Question

A block A of mass 100kg rests on another block B of mass 200kg and is tied to a wall. The coefficient of friction between A And B is 0.2 and that between B and the ground is 0.3. What will be the minimum force F required to move the block B? (G=10m/S 2)

Answer 1

Step1: Given data

Mass of block A =$m_A=100kg$

Mass of block B = $m_B=200kg$

Coefficient of friction between A and B = ${\mu }_1=0.2$

Coefficient of friction between B and ground = ${\mu }_2=0.3$

Step2: Coefficient of friction

1. The coefficient of friction between two surfaces represents the amount of interaction between the two surfaces in terms of friction.
2. The coefficient of friction value can be used to determine surface roughness.
3. When any object under observation is subjected to the normal force operating on it, friction occurs.

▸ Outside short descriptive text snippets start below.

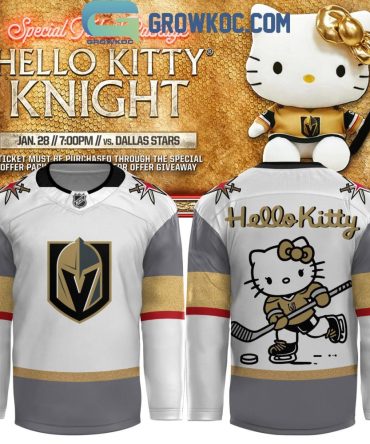 Vegas Golden Knights Hello Kitty Celebrating 50Th Anniversary Hockey Jersey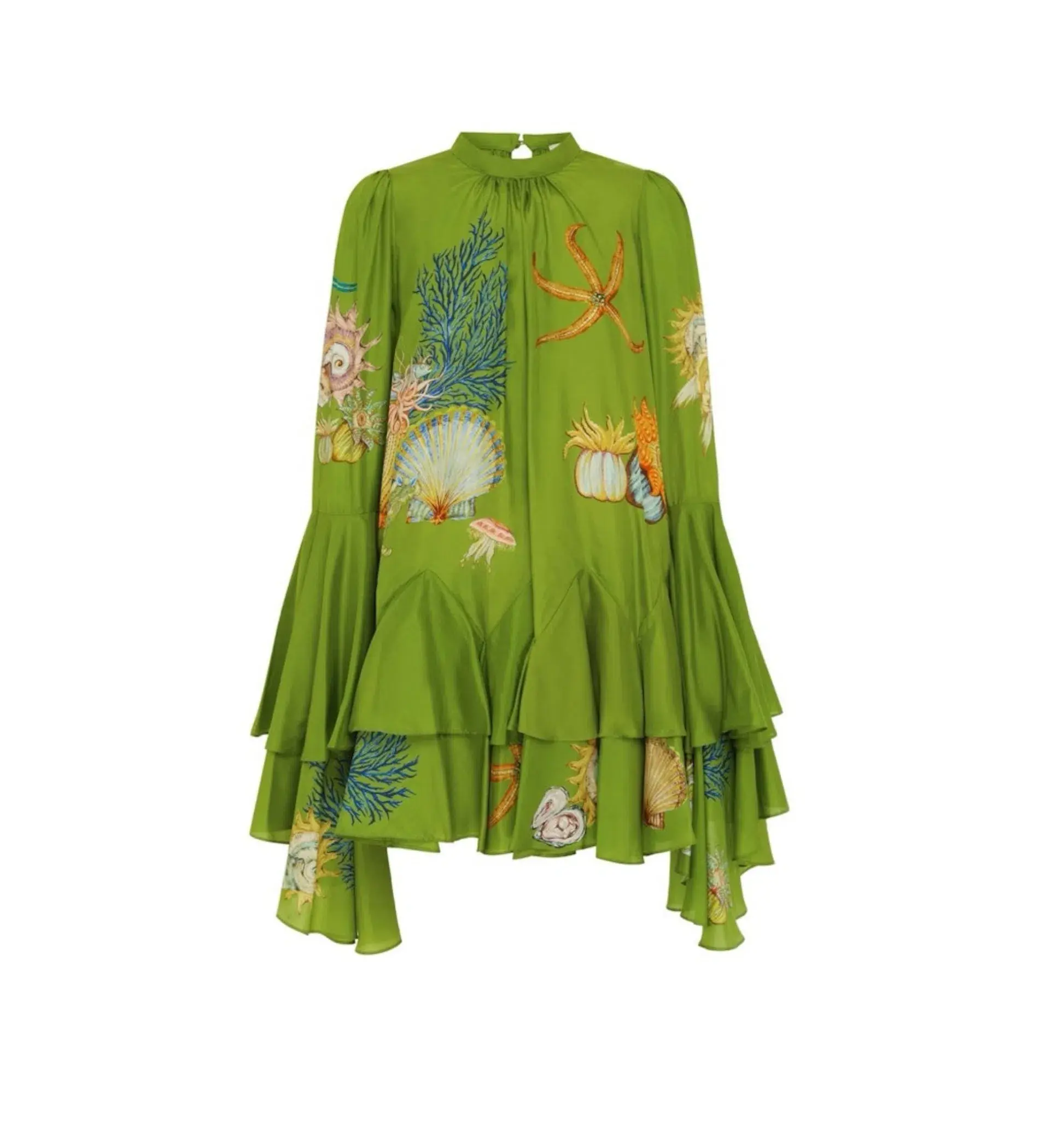 Alemais Aquatica Silk Mini Dress Green Size 4 - Image 3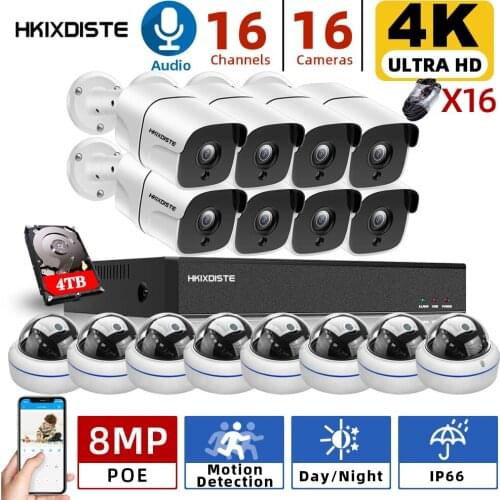 16CH 4K POE NVR CCTV Security System 8MP Audio WaterProof Outdoor Ip Bullet Dome Day&Night Vision Camera Video Surveillance Set
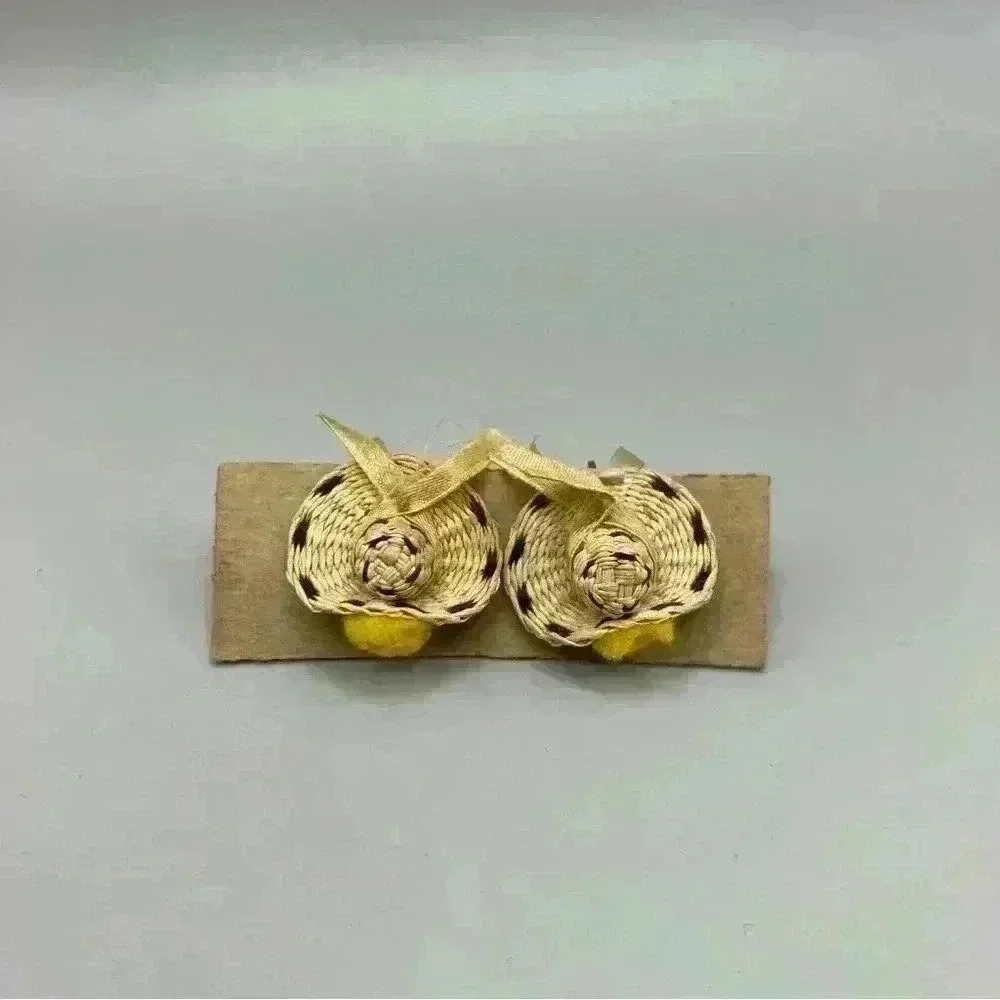 Vintage Straw Hat Stud Screwback Earrings With Ribbon - Picture 2 of 5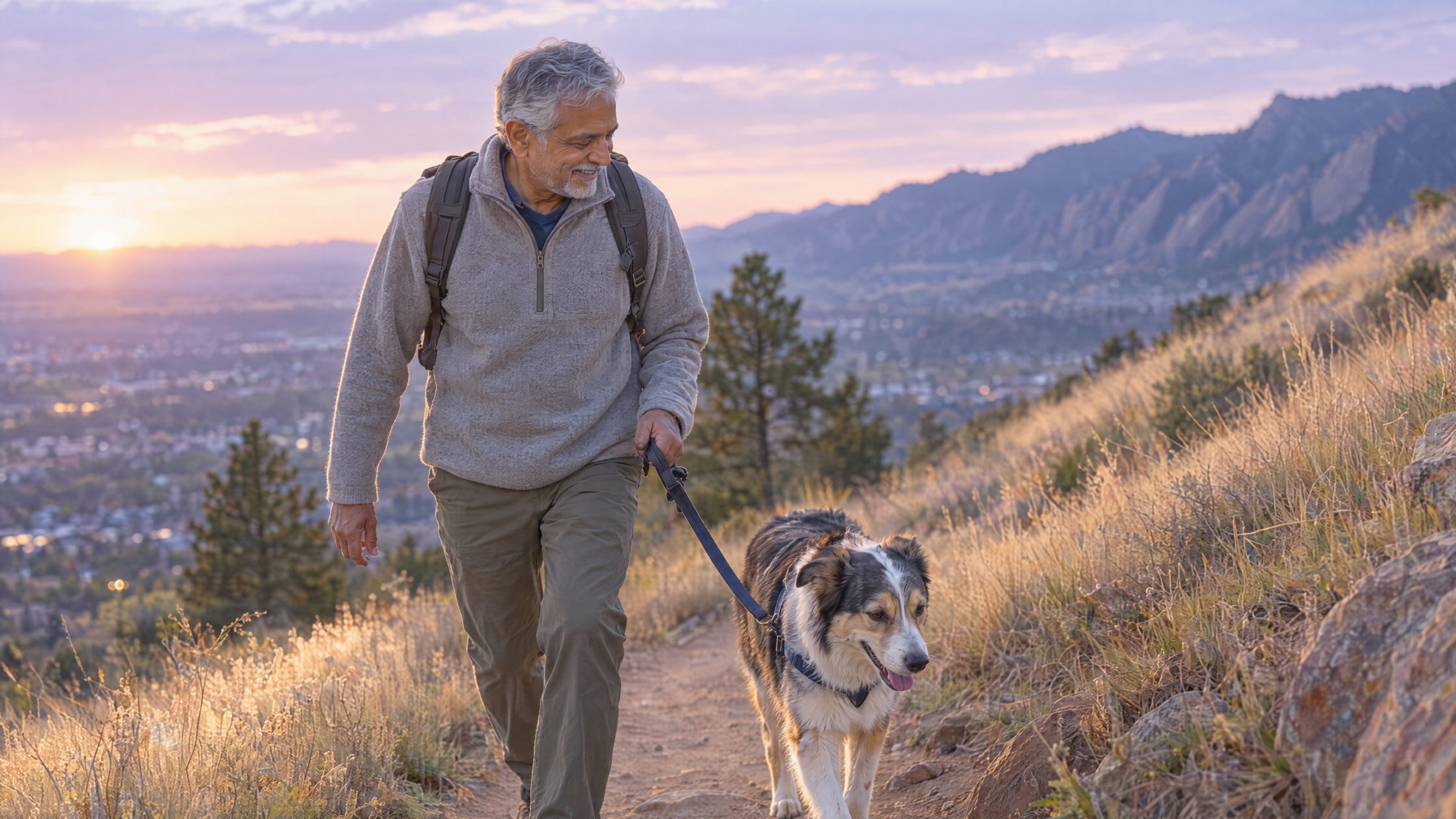 Man in his sixties walking briskly uphill with his dog at dusk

Step3: Drawing a free body diagram

1. In the given question there are so many forces like,
2. The friction force between block A and block B = $f_1$
3. The friction force between block B and block ground = $f_2$
4. Tension in the rope = $T$

Step4: Formula used

The frictional force is calculated as,

$$\begin{gathered} f=\mu mg \\ [where\mu =coefficientoffriction, \\ m=massofobject, \\ g=accelerationduetogravity] \end{gathered}$$

Step5: Calculating frictional force

The frictional force acting between blocks A and B $f_1={\mu }_1{m}_{A}g=0.2\times 100\times 10=200N$

The frictional force acting between block B and ground $f_2={\mu }_2{m}_{B}g=0.3\times (100+200)\times 10=900N$

Step6: Calculating minimum frictional force

Now, we can see from the diagram that the minimum force required to move block B will be sufficient to overcome the friction forces (friction forces between both blocks and friction forces between the ground and block A). As a result, the minimum value must be the total of both friction forces.

Hence the force required to move the block

$$\begin{gathered} F=f_1+f_2 \\ F=200+900 \\ F=1100N \end{gathered}$$

Hence the required force will be 1100N.